Adjustable Rate Mortgages have been around for a while, but According to financial organizations over 94% of home purchasers choose to get a fixed rate home mortgage. This is great since mortgage rates are at the lowest in home buying history. But, did you know that a few of them will pay more interest than they would normally, based on the time that they will own the home.
You must consider this if you only plan on staying in the home for a few years, that an adjustable rate mortgage may save you money.
The interest rate on an adjustable mortgage is usually lower than a fixed in the first few years. If you look at amortization charts, then you may notice that the adjustable rate may actually amortize faster.

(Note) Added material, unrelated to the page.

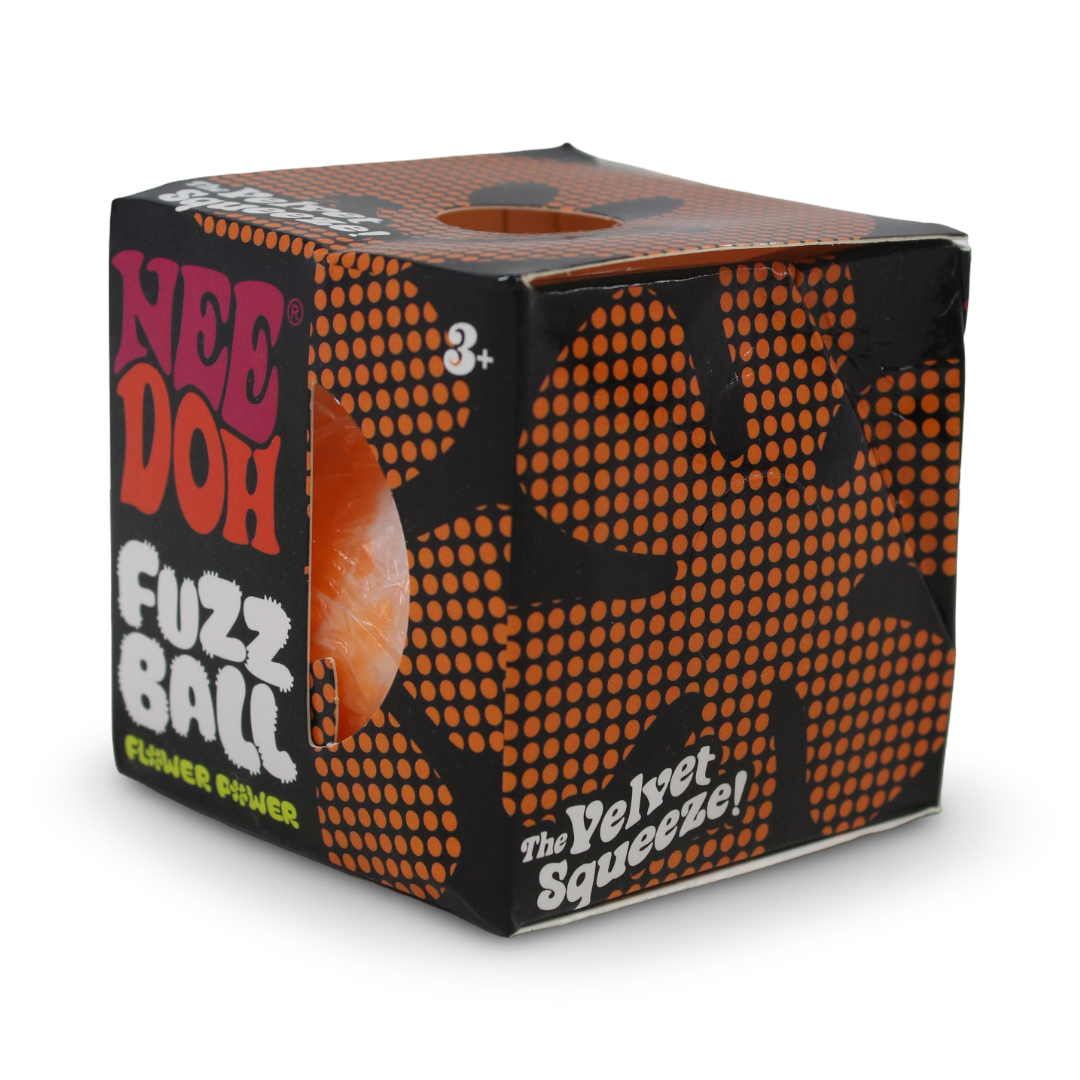 Nee Doh Fuzz Ball Flower Power Design – Orange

In the example shown below, a $200,000 mortgage for 30 years is compared using a 4.25% fixed-rate to a 3.25% 5/1 FHA adjustable rate. The first five years of the ARM generates a $113.47 a month savings which accumulates to $6,808.20. In addition, due to faster amortization on lower interest rate loans, the unpaid balance at the end of five years will be $3,001 lower on the ARM for a total savings of $9,801.
Assuming the adjustable-rate mortgage was to escalate the maximum allowed at each period, the breakeven would occur in 8 years and 6 months. If a person were to sell the home prior to this point, the ARM would provide a lower cost of housing for the homeowner.
For some people, the uncertainty of how the interest rate may change is not acceptable. On the other hand, for the risk tolerant individual who may be more confident in financial matters or who may know when they’ll be moving next, the ARM can be a smart choice.